AddictedCS / soundfingerprinting

Open source audio fingerprinting in .NET. An efficient algorithm for acoustic fingerprinting written purely in C#.
https://emysound.com
MIT License
925 stars 187 forks source link

Using Fingerprints as start and end triggers for recording #222

Open SchroeerM opened 2 months ago

SchroeerM commented 2 months ago

Hey, I try to use the library to create multiple fingerprints from prerecorded files to find matches in an stream. This works well but I couldn't figure out how I can access the plain stream in the AVQueryResult for start or stop recording. Additionally it would be very interesting if you see a way how I could create a fifo-buffer of approx. 10 seconds to start the recording exactly where the fingerprint matches. Is there a way to use your solution for my needs or do I have to switch to an alternative? Thanks, Michael

AddictedCS commented 1 month ago

The following steps will help you with the problem you are trying to solve:

  1. You can instantiate RealtimeQueryCommand with an InterceptAVTrack that can capture AVTrack which is sent to the query command.
  2. AVTrack contains AudioSamples (float[]) which are the downsampled audio samples that were used to generate the fingerprints. You can save all the samples in a FIFO buffer, capture the audio that queries the data storage.
  3. Inside config.SuccessCallback, when the match finishes, you have the matches that can resolve the media that you've stored in the FIFO buffer.
  4. Resolve the media, and save it as 5512Hz Mono WAV file, generating playback.

A high level code sample:

 QueryCommandBuilder
                .Instance
                .BuildRealtimeQueryCommand()
                .From(source)
                .WithRealtimeQueryConfig(config => config.SuccessCallback = result => /*resolve FIFO buffer AVSamples*/)
                .InterceptAVTrack(avTrack => avTrack.Audio.Samples /*save av track into FIFO buffer*/)
                .UsingServices(modelService)
                .Query()

Hope it makes sense.

SchroeerM commented 1 month ago

Thanks for your answer.

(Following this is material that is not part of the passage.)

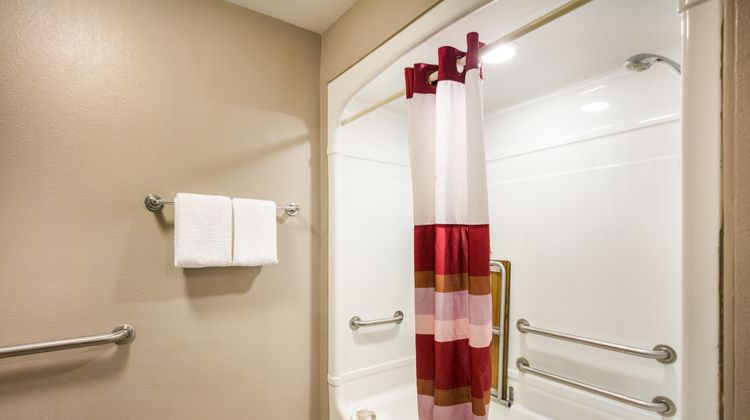 Red Roof PLUS+ Boston - Logan Room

That means that I could only access the stream in 5512Hz mono quality? I reworked my software to the other way. Currently I detect silence in the stream and use the silence as start/stop trigger for recording. Every saved file I will analyse with my fingerprints and if theres a match then I will export the file to an different folder. The Stream I work on produces large empty silence lines between the interesting parts so that seemed to be the better way for me.